第105話 高峰家緊急会議
前回に続き、再び──
「いや、これは流石に謝罪してもしきれないほど重大な罪を犯してしまったので、はい、ほんとに申し訳ないです」
今度は咲桜の部屋、小さなテーブルの上で、先程聞いたようなセリフを聞く。
咲桜が今どんな顔をしてるのか分からないが、多分これも先程と同じだろう。
何故分からないかって?そりゃ、恥ずかしいからに決まってるだろ。
だってあれだぞ?バレンタインのこと何も知らなくて、偶然今日が俺の誕生日で、咲桜たちには言ってなかったのに咲桜からプレゼント貰ったから、母さんたちが俺にプレゼントするよう頼んだのかな〜とか勝手に思って少し、そう少し、少しだけ、ほんの少しだけ浮ついてたら誕生日プレゼントじゃなくて知りもしないバレンタインの風習だったんだぞってどんだけ長文なんだよてか誰に言ってんだ。
取り敢えずそんな訳で、絶賛拗ねている。
机に突っ伏して、自分の腕を机と顔の間に置き、目を閉じて瞑想。
「いや、仕方ない。俺も言ってなかったし、なんなら言うつもりもなかった。まぁもう少し待ってくれ、今多分凄く顔が赤い」
「それ私もなんだけど──」
目の前で自分のラブレターを見られた咲桜が、気まずそうに言う。
そして、思い出したかのように「そうじゃん、私も──」と呟き、
「──ごめん、私もちょっと待って」
そう言ってすぐ、ぼふっとベッドに顔を埋めたような音がする。時間差凄いな。
こうして、なんとも言えない気まずい空気が室内に充満する。
そして、それから数十秒後。急にガチャリと部屋の扉が開かれる。
咲桜がこの空気に耐えられずに出ていったのかと思い、伏した頭をあげる。
が、目の前には脳裏で描いた通りの構図で咲桜がベッドに顔を埋めている。では、先の扉の音は──
「えっと──何してるの?新しい遊び?」
扉には、困惑した様子の美桜子さんが立っていた。
「猫の名前か」
「いや、ベラ切り替え早くない?」
「サクが遅いだけよ」
美桜子さん二呼ばれて、俺たちはリビングのある一階へと降りた。
そこにはソファに座って野球を見ている健蔵さん、そして、その膝で安眠している子猫がいた。
今から名前を決める。
この名付けは非常に重要だ。
人間の名付けは、その名前に必ず何かしらの意味が込められている。
俺のイュタベラは、正しくは『イュタベ・ラ』で、『イュタベ』の部分が『万能な』という意味を、『ラ』が『少年』という意味を持っており、『万能な少年』という意味が込められている。

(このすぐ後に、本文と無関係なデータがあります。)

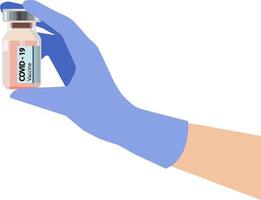 A doctor hand in blue gloves holds a medical glass bottle for injection. Development and creation of a vaccine against coronavirus. vector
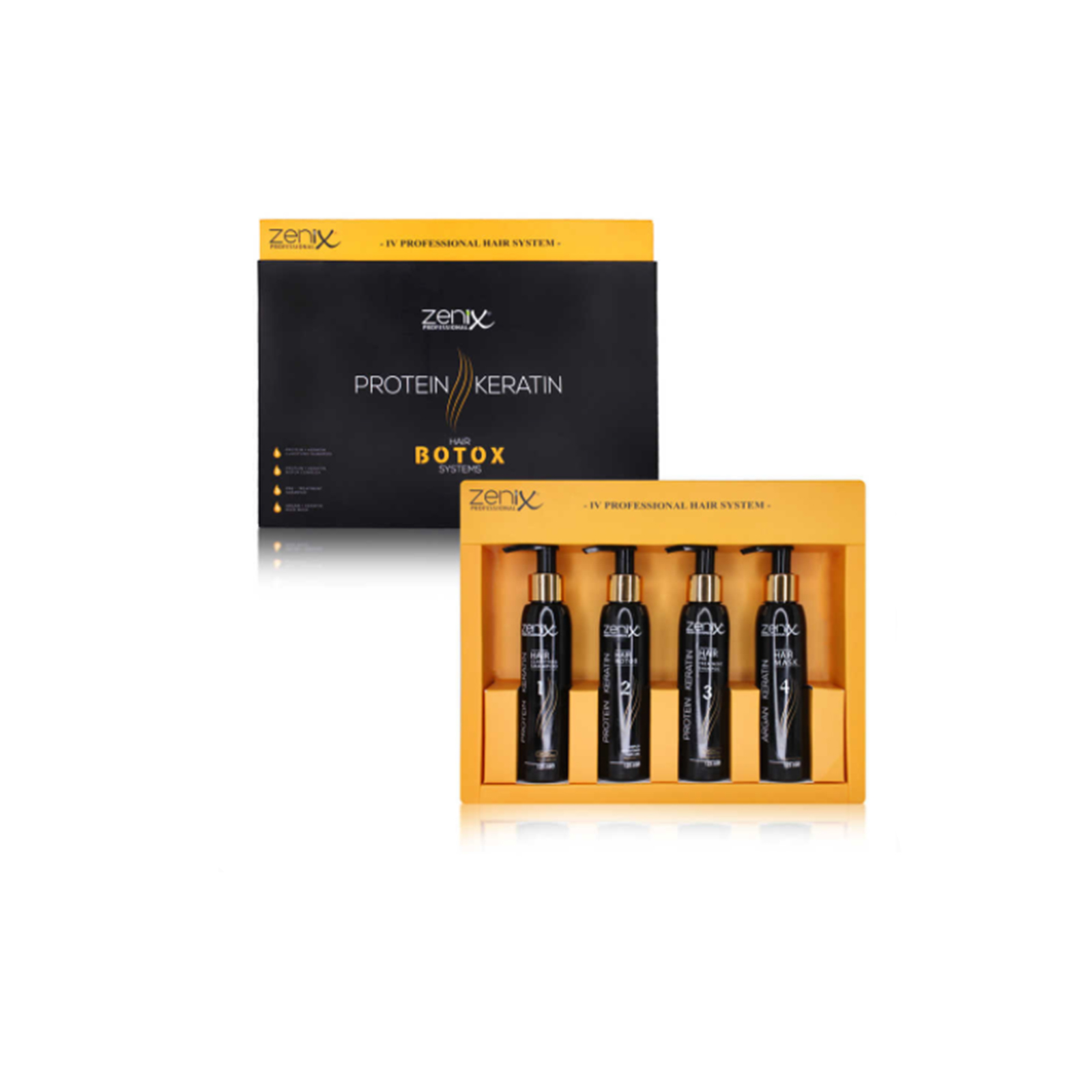 Набор по уходу для волос Zenix Protein Keratin Hair Botox System 4 этапа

しかしこれは、あくまでも理想であり、このように万能ではない少年がこの世に解き放たれることもある。
と、その話は置いといて、この猫だ。
日本では、猫や犬の名前は大体『ポチ』だとか、『シロ・クロ』などが多いようだが、今回それは却下だ。
誰も名付けたことの無い、素晴らしい名前を提案しよう。
「で、この猫ちゃんの名前の案、ある、」
「それなら──」
俺と咲桜(ついでといった感じて健蔵さん)を見回し、主題を投げる美桜子さん。
そしてここで俺は、待ってましたと言わんばかりに手を挙げ、脳裏に浮かんだ名を口にする。
「ヌァオゴッテニ・サパーニャ・デロはどうだろうか?」
我ながら完璧とも言える名を提案し、他三人の反応を伺う。
ちなみに、『ヌァオゴッテニ』が『奇跡の』、『サパーニャ』が『救世主』、『デロ』がそのまま、『猫』という意味だ。
猫や犬などのペットは、愛でる対象としても飼われているが、時にその動物たちは、人間を助けることがあるそう。
飼い主が歩きスマホでトラックに引かれそうなところを、吠えて気づかせたり、病気になった時にそばに寄って癒しを与えてくれたり…。
この猫にも、誰かを救って欲しいという願いを込めて付けた名前だ。
あっさり会議が終わるだろうが、まぁいい。早くケーキを食べたい。
俺の提案に、咲桜と美桜子さん、そして健蔵さんが顔を見合せ──
「えと、取り敢えずそれは絶対にないかな」
「えぇ…」
なんで???
ちなみに、猫の名前は『まさる』になった。
まさるに負けた──。
余談だが、『まさる』を感じで表すと、『優』という字なのだそう。この字は、『優れる』や『優しい』と読めるそう。そりゃそっちの方がいいわな、長ったらしくなくていいもん。
完全な敗北を味わい、本日二度目の風呂に入ったのだった。